──────── RECORD SET

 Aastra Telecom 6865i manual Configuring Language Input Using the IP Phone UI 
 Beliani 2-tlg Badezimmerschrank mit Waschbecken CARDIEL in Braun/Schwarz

────────────────
──────── RECORD SET

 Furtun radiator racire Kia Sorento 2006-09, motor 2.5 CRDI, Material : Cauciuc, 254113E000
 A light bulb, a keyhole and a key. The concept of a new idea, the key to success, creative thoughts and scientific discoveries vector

────────────────

### DIRECTIONS FOR THIS TASK
What is asked for is an exact copy of the lines above from the one containing "Aastra Telecom 6865i" through the one containing "Beliani 2-tlg Badezimmerschrank", and only those.

### TASK SOLUTION
 Aastra Telecom 6865i manual Configuring Language Input Using the IP Phone UI 
 Beliani 2-tlg Badezimmerschrank mit Waschbecken CARDIEL in Braun/Schwarz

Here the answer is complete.